▶ _Task prompt_
Reproduce precisely the lines of the material below from the line containing "Carbon Fiber Front" up to and including its last line. Pictures must not be copied.

BEGIN Data segment

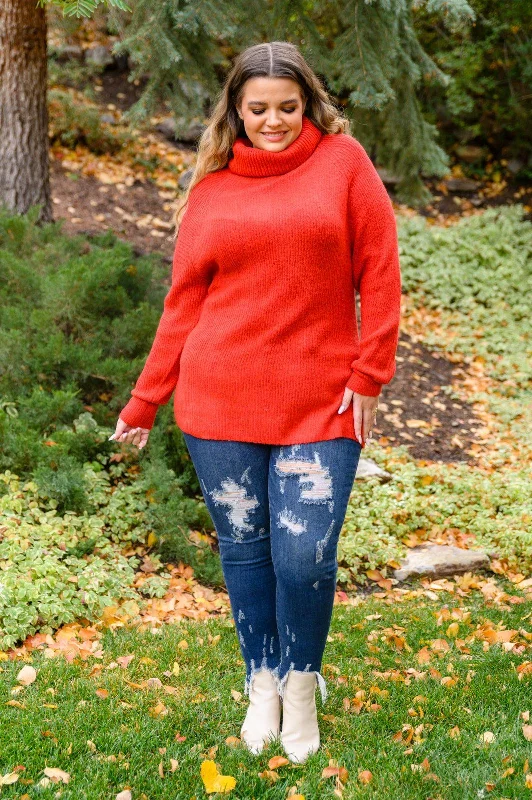 Hazel Blues® | Steady Pace Roll Neck Sweater In Red Knit Fabric Woven Fabric Fleece Fabric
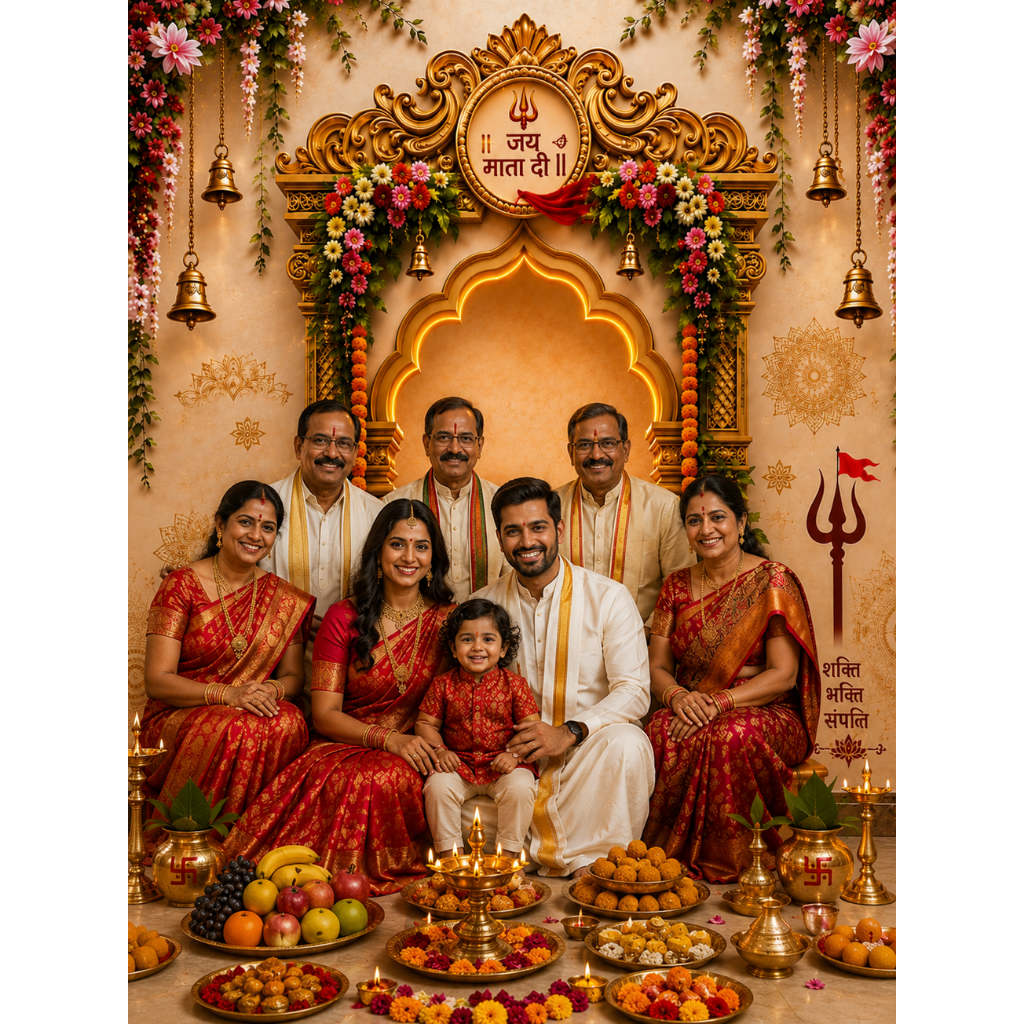 Omroots Royal Golden Pooja Backdrop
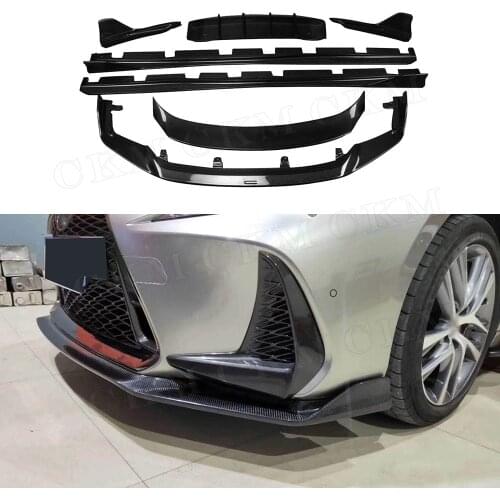 Carbon Fiber Front Bumper Lip Spoiler Protector Body Kits for LEXUS IS300 IS350 IS F Sport Sedan 4 Door 2017 2018 Car Styling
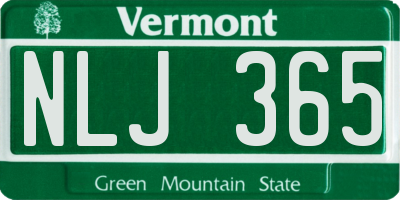 VT license plate NLJ365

END Data segment

▶ _Exercise solution_
 Carbon Fiber Front Bumper Lip Spoiler Protector Body Kits for LEXUS IS300 IS350 IS F Sport Sedan 4 Door 2017 2018 Car Styling
 VT license plate NLJ365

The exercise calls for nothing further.